PROMPT =
What is needed is a word-for-word copy of the listing below, without pictures.

SUPPLIED INFORMATION =
********
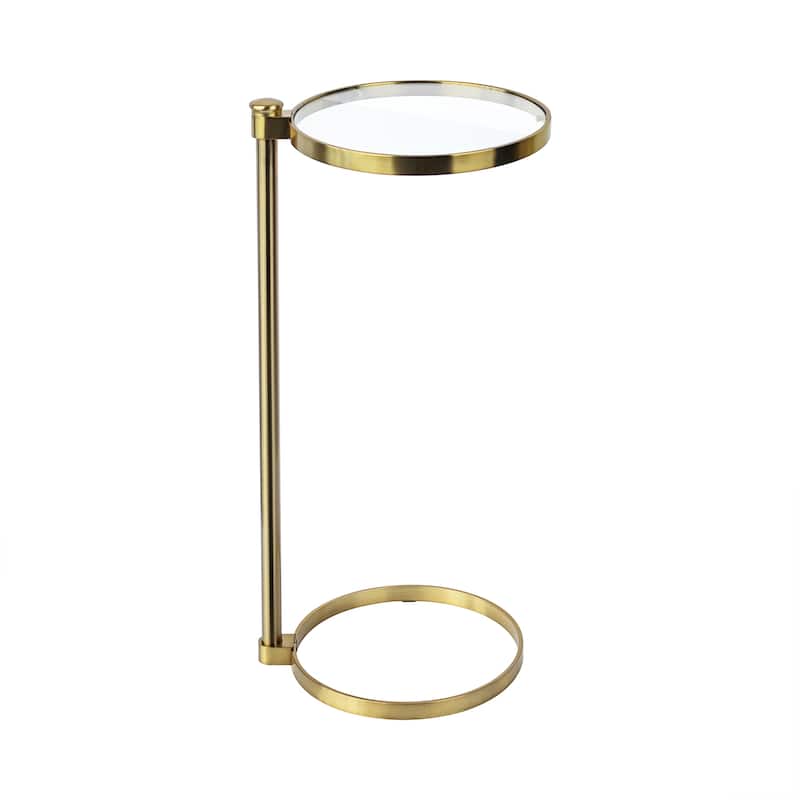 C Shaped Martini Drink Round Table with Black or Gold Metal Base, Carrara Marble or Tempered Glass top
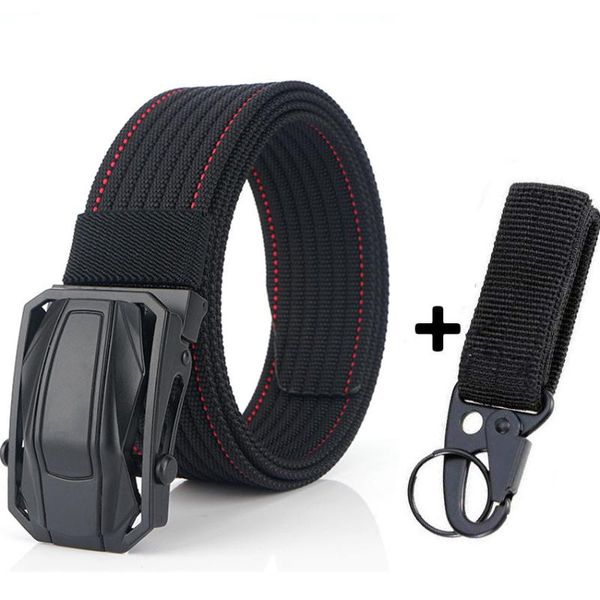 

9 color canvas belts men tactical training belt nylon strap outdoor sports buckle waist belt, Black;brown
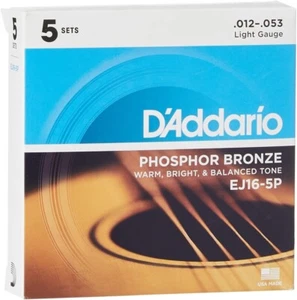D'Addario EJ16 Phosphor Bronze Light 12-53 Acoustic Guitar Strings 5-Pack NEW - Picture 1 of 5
********
ANSWER =
 C Shaped Martini Drink Round Table with Black or Gold Metal Base, Carrara Marble or Tempered Glass top

9 color canvas belts men tactical training belt nylon strap outdoor sports buckle waist belt, Black;brown
D'Addario EJ16 Phosphor Bronze Light 12-53 Acoustic Guitar Strings 5-Pack NEW - Picture 1 of 5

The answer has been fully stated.